9. The fusion protein of claim 6, wherein said antibody does not inhibit the adherence of leukocytes to activated platelets.

10. The fusion protein of claim 6 wherein said antibody is a monoclonal antibody.

11. The fusion protein of claim 10, wherein said monoclonal antibody is a single chain antibody, a Fab dimer antibody, or an IgG antibody.

12. The fusion protein of claim 1 including a protein compromising an amino acid sequence selected from the group of SEQ ID NO. 3 to SEQ ID NO. 8 or any protein with an amino acid sequence with at least 70% identity thereto with essentially the same biological activity.

13. A pharmaceutical composition, comprising a fusion protein according to claim 1, which composition comprises a pharmaceutically acceptable excipient and a therapeutically effective amount of said fusion protein.

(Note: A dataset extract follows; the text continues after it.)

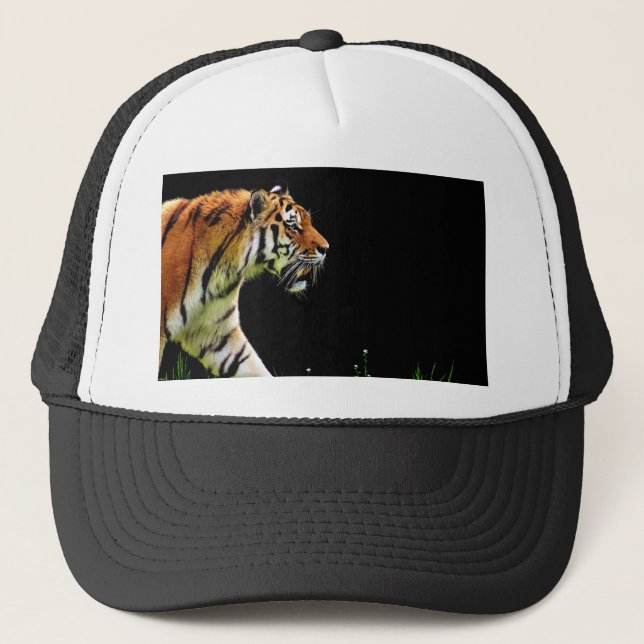 Casquette Tigre approchant - Oeuvres d'art d'animaux sauvage (Devant)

14. A method for inducing thrombolysis, comprising administering a therapeutically effective amount of a fusion protein according to claim 1 to a patient in need thereof.

15. The method of claim 14, wherein said method is to treat arterial thrombosis, acute coronary syndromes, including ST-elevated myocardial infarction, non-ST-elevated myocardial infarction and unstable angina, catheter-induced thrombosis, dissolution of ventricular mural thrombus, left atrial thrombus or prosthetic valve thrombus and deep vein thrombosis, pulmonary embolism, or acute ischemic stroke.

16. The method of claim 15, wherein the fusion protein is administered to a patient suffering acute ischemic stroke more that 3 hours after stroke onset.

17. A kit, comprising the fusion protein according to claim 1.

18. A kit, comprising DNA sequences encoding the fusion protein components according to claim 1.

19. A gene therapy composition, comprising the DNA encoding the fusion protein consisting of the amino acid sequences of SEQ ID NO. 1 and SEQ ID NO. 2, in combination with a therapeutically effective amount of a gene therapy vector.

20. A thrombolytic fusion protein, comprising a targeting protein that binds to P-selectin, wherein said targeting protein is a chimeric mouse-human monoclonal antibody, which is operably linked to DSPAalpha1, or analog, fragment, derivative, or variant thereof.

21. The fusion protein of claim 20, wherein said chimeric mouse-human monoclonal antibody is HuSZ51.

22. The fusion protein of claim 21, wherein said fusion protein comprises the amino acid sequences of SEQ ID NO. 1 and SEQ ID NO. 2.